The problem: Print the lines exactly. Start at the first line of the material below, end with the line that contains "Floor Easel with", and skip all pictures.

........

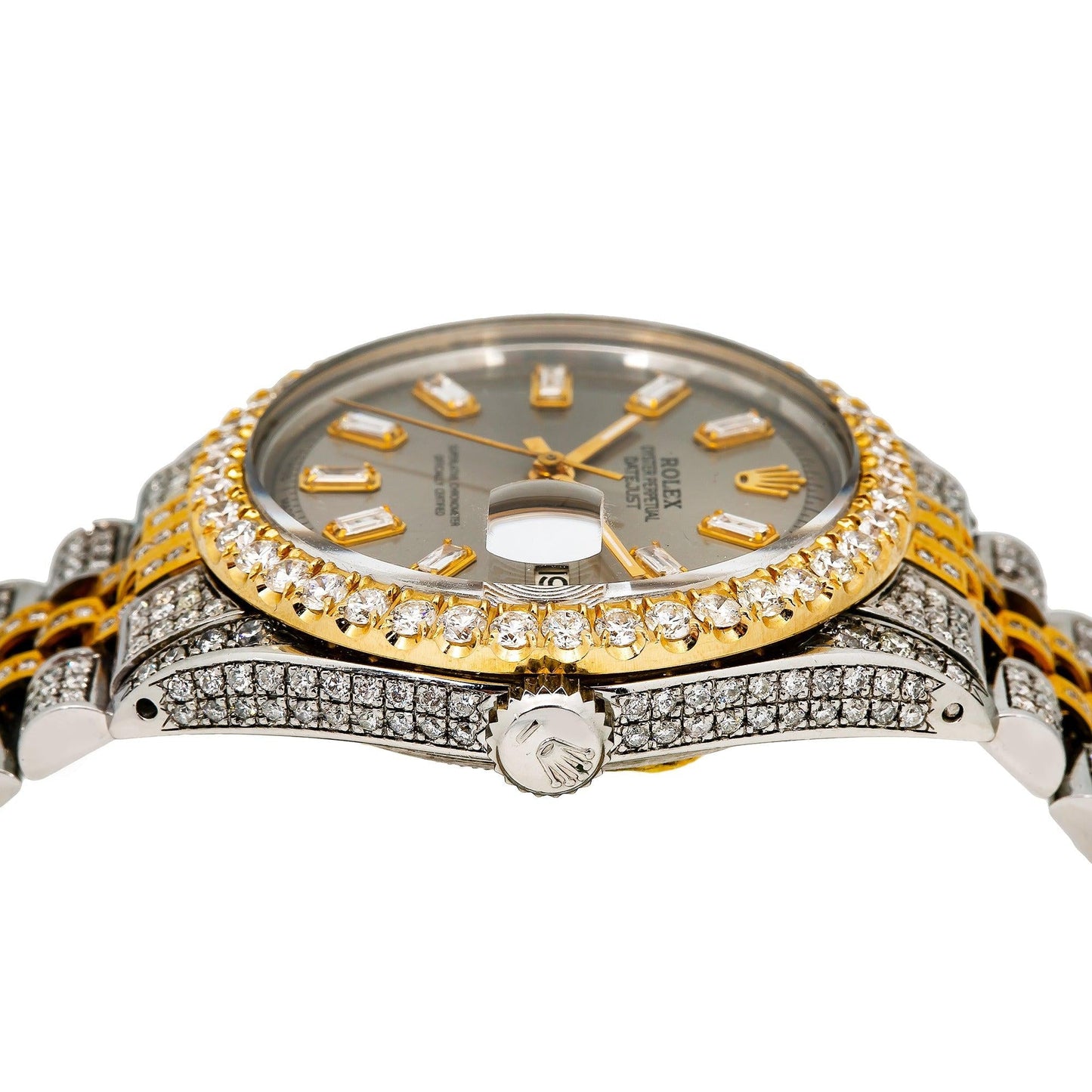 Rolex Datejust 36MM 1601 Slate Gray Baguette Diamond Dial Diamond Bezel Two Tone Yellow Gold Full Diamond Jubilee Bracelet 8.35ct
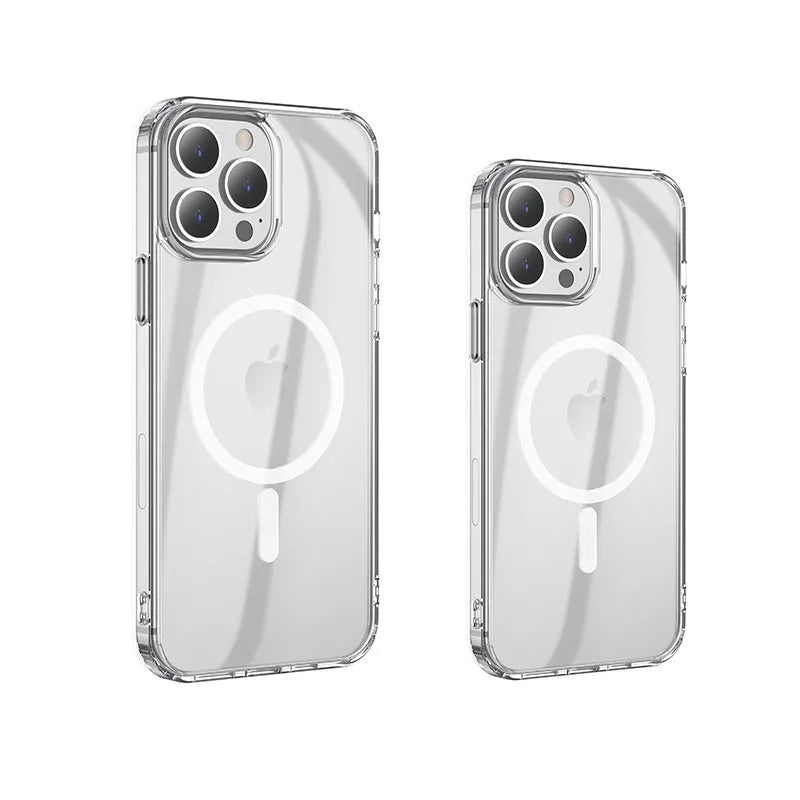 Transparent MagSafe magnetic airbag protective case for iPhone 13 models on a table.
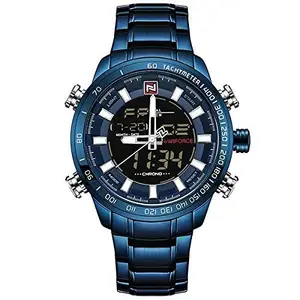 NAVIFORCE Analog-Digital Quartz Stainless Steel Round Dial Men's Watch Blue NF9093-BEBE by LexXiv
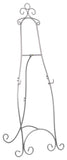 Floor Easel with Decorative Scroll Detailing, Height-Adjustable Hooks, 71.25 inches Tall, Metal - Silver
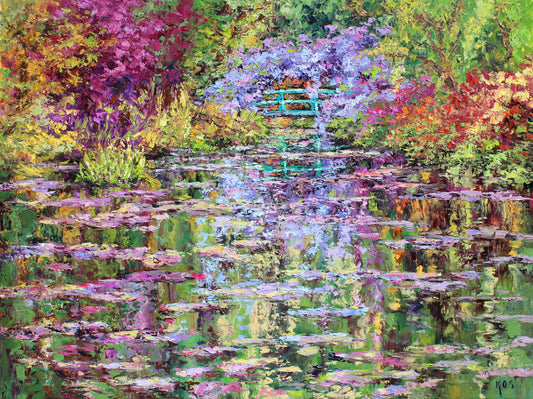  One Enchanting Moment- Original Oil painting by fine artist Kristen Olson Stone. Impressionist Giverny Gardens wall art decor for collectors.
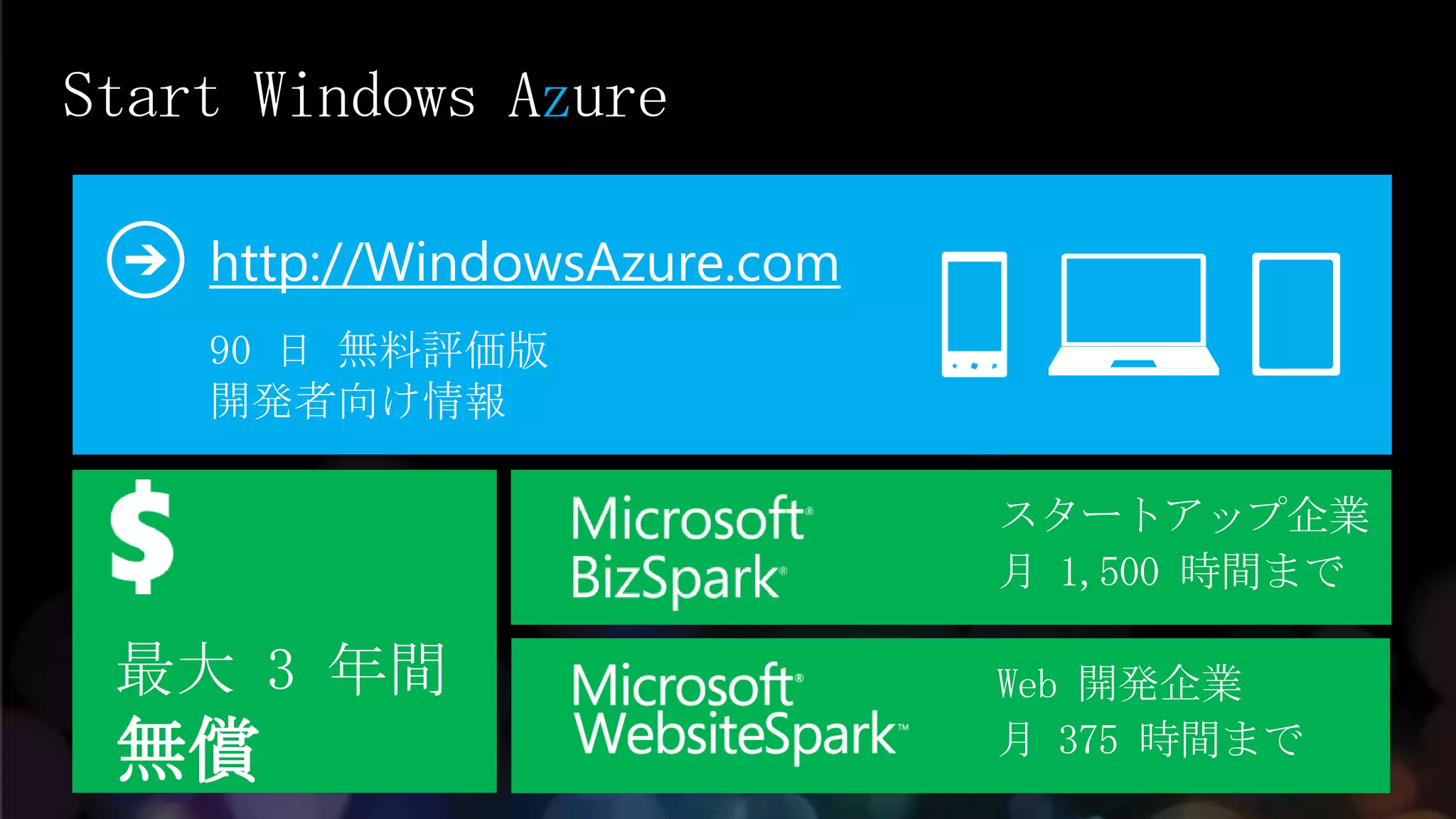 Start Windows Azure

    http://WindowsAzure.com
    90 日 無料評価版
    開発者向け情報

                              スタートアップ企業
                              月 1,500 時間まで

 最大 3 年間                      Web 開発企業
 無償                           月 375 時間まで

........

Answer box:
 Rolex Datejust 36MM 1601 Slate Gray Baguette Diamond Dial Diamond Bezel Two Tone Yellow Gold Full Diamond Jubilee Bracelet 8.35ct
 Transparent MagSafe magnetic airbag protective case for iPhone 13 models on a table.
 NAVIFORCE Analog-Digital Quartz Stainless Steel Round Dial Men's Watch Blue NF9093-BEBE by LexXiv
 Floor Easel with Decorative Scroll Detailing, Height-Adjustable Hooks, 71.25 inches Tall, Metal - Silver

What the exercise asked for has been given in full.